How to complete this task ▸
Copy out the entries that come next, exactly.

Extracted entries ▸

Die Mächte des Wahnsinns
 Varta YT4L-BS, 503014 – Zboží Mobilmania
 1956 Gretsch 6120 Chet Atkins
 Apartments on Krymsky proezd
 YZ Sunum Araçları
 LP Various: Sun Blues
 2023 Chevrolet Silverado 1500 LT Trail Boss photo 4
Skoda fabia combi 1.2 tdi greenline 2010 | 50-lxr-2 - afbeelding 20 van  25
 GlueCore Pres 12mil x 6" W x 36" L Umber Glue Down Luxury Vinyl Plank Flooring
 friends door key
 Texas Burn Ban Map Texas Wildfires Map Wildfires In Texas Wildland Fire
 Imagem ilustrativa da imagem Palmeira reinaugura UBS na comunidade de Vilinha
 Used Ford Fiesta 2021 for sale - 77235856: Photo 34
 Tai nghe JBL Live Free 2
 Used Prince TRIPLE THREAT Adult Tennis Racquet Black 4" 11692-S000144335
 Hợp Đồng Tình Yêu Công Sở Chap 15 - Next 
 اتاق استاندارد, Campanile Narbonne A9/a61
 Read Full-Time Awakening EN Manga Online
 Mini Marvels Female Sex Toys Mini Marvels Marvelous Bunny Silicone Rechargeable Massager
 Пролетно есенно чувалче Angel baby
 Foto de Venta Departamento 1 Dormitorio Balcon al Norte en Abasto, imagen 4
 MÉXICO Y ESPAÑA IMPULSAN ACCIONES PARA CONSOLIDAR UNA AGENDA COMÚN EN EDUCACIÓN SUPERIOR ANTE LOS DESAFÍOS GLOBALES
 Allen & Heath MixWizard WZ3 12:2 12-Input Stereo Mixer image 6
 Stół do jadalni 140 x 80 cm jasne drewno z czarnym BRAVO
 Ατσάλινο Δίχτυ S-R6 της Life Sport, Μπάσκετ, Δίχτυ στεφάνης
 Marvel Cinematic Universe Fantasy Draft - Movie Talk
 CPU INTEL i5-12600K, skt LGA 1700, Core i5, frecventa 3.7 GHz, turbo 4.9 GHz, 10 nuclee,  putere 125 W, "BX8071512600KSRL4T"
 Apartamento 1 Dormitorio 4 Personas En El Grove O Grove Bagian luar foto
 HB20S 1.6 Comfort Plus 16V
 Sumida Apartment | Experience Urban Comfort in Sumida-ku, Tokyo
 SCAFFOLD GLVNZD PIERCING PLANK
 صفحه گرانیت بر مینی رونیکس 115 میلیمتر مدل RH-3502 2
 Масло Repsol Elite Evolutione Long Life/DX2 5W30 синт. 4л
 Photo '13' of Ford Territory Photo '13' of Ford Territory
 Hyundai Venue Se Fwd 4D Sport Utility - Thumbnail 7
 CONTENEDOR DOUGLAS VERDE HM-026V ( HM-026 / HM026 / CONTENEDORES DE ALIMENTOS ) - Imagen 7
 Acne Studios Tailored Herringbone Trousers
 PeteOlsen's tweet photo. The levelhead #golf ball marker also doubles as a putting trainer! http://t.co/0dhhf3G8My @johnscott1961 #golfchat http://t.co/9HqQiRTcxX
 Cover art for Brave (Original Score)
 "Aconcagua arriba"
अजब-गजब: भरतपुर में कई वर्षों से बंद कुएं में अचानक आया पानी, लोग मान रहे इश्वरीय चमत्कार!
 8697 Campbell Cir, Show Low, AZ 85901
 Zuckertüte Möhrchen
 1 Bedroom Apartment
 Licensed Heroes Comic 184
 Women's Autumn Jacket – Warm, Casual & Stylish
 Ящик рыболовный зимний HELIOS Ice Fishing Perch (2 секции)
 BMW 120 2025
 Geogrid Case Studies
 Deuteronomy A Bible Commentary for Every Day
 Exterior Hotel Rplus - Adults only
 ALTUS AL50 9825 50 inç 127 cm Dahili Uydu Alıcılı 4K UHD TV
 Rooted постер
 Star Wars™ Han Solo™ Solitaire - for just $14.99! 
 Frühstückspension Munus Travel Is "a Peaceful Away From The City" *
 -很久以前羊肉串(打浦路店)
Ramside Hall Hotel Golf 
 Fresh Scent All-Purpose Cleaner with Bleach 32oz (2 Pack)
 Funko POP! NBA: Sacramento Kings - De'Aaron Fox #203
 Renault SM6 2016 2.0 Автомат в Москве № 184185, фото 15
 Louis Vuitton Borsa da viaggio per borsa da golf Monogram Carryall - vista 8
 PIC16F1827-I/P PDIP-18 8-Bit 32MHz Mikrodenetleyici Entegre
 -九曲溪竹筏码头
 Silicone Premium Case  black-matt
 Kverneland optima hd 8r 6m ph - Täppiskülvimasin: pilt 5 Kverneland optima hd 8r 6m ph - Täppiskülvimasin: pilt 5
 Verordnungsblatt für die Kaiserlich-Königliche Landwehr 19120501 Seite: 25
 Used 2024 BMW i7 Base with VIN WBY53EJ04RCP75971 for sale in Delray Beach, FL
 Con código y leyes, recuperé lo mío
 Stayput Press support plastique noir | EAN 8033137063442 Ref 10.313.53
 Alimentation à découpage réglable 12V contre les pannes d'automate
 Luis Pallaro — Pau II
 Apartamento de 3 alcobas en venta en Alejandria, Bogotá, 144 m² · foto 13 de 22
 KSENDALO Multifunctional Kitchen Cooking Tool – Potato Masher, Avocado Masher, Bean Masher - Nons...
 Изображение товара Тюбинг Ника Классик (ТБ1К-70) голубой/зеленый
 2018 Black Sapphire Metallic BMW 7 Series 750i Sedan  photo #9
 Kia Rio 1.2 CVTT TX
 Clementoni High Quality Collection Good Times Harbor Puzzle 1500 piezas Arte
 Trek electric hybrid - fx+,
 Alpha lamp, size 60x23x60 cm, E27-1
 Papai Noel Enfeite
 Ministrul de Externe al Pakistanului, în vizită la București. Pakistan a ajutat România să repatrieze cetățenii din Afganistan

Response area ▸
Die Mächte des Wahnsinns
 Varta YT4L-BS, 503014 – Zboží Mobilmania
 1956 Gretsch 6120 Chet Atkins
 Apartments on Krymsky proezd
 YZ Sunum Araçları
 LP Various: Sun Blues
 2023 Chevrolet Silverado 1500 LT Trail Boss photo 4
Skoda fabia combi 1.2 tdi greenline 2010 | 50-lxr-2 - afbeelding 20 van  25
 GlueCore Pres 12mil x 6" W x 36" L Umber Glue Down Luxury Vinyl Plank Flooring
 friends door key
 Texas Burn Ban Map Texas Wildfires Map Wildfires In Texas Wildland Fire
 Imagem ilustrativa da imagem Palmeira reinaugura UBS na comunidade de Vilinha
 Used Ford Fiesta 2021 for sale - 77235856: Photo 34
 Tai nghe JBL Live Free 2
 Used Prince TRIPLE THREAT Adult Tennis Racquet Black 4" 11692-S000144335
 Hợp Đồng Tình Yêu Công Sở Chap 15 - Next 
 اتاق استاندارد, Campanile Narbonne A9/a61
 Read Full-Time Awakening EN Manga Online
 Mini Marvels Female Sex Toys Mini Marvels Marvelous Bunny Silicone Rechargeable Massager
 Пролетно есенно чувалче Angel baby
 Foto de Venta Departamento 1 Dormitorio Balcon al Norte en Abasto, imagen 4
 MÉXICO Y ESPAÑA IMPULSAN ACCIONES PARA CONSOLIDAR UNA AGENDA COMÚN EN EDUCACIÓN SUPERIOR ANTE LOS DESAFÍOS GLOBALES
 Allen & Heath MixWizard WZ3 12:2 12-Input Stereo Mixer image 6
 Stół do jadalni 140 x 80 cm jasne drewno z czarnym BRAVO
 Ατσάλινο Δίχτυ S-R6 της Life Sport, Μπάσκετ, Δίχτυ στεφάνης
 Marvel Cinematic Universe Fantasy Draft - Movie Talk
 CPU INTEL i5-12600K, skt LGA 1700, Core i5, frecventa 3.7 GHz, turbo 4.9 GHz, 10 nuclee,  putere 125 W, "BX8071512600KSRL4T"
 Apartamento 1 Dormitorio 4 Personas En El Grove O Grove Bagian luar foto
 HB20S 1.6 Comfort Plus 16V
 Sumida Apartment | Experience Urban Comfort in Sumida-ku, Tokyo
 SCAFFOLD GLVNZD PIERCING PLANK
 صفحه گرانیت بر مینی رونیکس 115 میلیمتر مدل RH-3502 2
 Масло Repsol Elite Evolutione Long Life/DX2 5W30 синт. 4л
 Photo '13' of Ford Territory Photo '13' of Ford Territory
 Hyundai Venue Se Fwd 4D Sport Utility - Thumbnail 7
 CONTENEDOR DOUGLAS VERDE HM-026V ( HM-026 / HM026 / CONTENEDORES DE ALIMENTOS ) - Imagen 7
 Acne Studios Tailored Herringbone Trousers
 PeteOlsen's tweet photo. The levelhead #golf ball marker also doubles as a putting trainer! http://t.co/0dhhf3G8My @johnscott1961 #golfchat http://t.co/9HqQiRTcxX
 Cover art for Brave (Original Score)
 "Aconcagua arriba"
अजब-गजब: भरतपुर में कई वर्षों से बंद कुएं में अचानक आया पानी, लोग मान रहे इश्वरीय चमत्कार!
 8697 Campbell Cir, Show Low, AZ 85901
 Zuckertüte Möhrchen
 1 Bedroom Apartment
 Licensed Heroes Comic 184
 Women's Autumn Jacket – Warm, Casual & Stylish
 Ящик рыболовный зимний HELIOS Ice Fishing Perch (2 секции)
 BMW 120 2025
 Geogrid Case Studies
 Deuteronomy A Bible Commentary for Every Day
 Exterior Hotel Rplus - Adults only
 ALTUS AL50 9825 50 inç 127 cm Dahili Uydu Alıcılı 4K UHD TV
 Rooted постер
 Star Wars™ Han Solo™ Solitaire - for just $14.99! 
 Frühstückspension Munus Travel Is "a Peaceful Away From The City" *
 -很久以前羊肉串(打浦路店)
Ramside Hall Hotel Golf 
 Fresh Scent All-Purpose Cleaner with Bleach 32oz (2 Pack)
 Funko POP! NBA: Sacramento Kings - De'Aaron Fox #203
 Renault SM6 2016 2.0 Автомат в Москве № 184185, фото 15
 Louis Vuitton Borsa da viaggio per borsa da golf Monogram Carryall - vista 8
 PIC16F1827-I/P PDIP-18 8-Bit 32MHz Mikrodenetleyici Entegre
 -九曲溪竹筏码头
 Silicone Premium Case  black-matt
 Kverneland optima hd 8r 6m ph - Täppiskülvimasin: pilt 5 Kverneland optima hd 8r 6m ph - Täppiskülvimasin: pilt 5
 Verordnungsblatt für die Kaiserlich-Königliche Landwehr 19120501 Seite: 25
 Used 2024 BMW i7 Base with VIN WBY53EJ04RCP75971 for sale in Delray Beach, FL
 Con código y leyes, recuperé lo mío
 Stayput Press support plastique noir | EAN 8033137063442 Ref 10.313.53
 Alimentation à découpage réglable 12V contre les pannes d'automate
 Luis Pallaro — Pau II
 Apartamento de 3 alcobas en venta en Alejandria, Bogotá, 144 m² · foto 13 de 22
 KSENDALO Multifunctional Kitchen Cooking Tool – Potato Masher, Avocado Masher, Bean Masher - Nons...
 Изображение товара Тюбинг Ника Классик (ТБ1К-70) голубой/зеленый
 2018 Black Sapphire Metallic BMW 7 Series 750i Sedan  photo #9
 Kia Rio 1.2 CVTT TX
 Clementoni High Quality Collection Good Times Harbor Puzzle 1500 piezas Arte
 Trek electric hybrid - fx+,
 Alpha lamp, size 60x23x60 cm, E27-1
 Papai Noel Enfeite
 Ministrul de Externe al Pakistanului, în vizită la București. Pakistan a ajutat România să repatrieze cetățenii din Afganistan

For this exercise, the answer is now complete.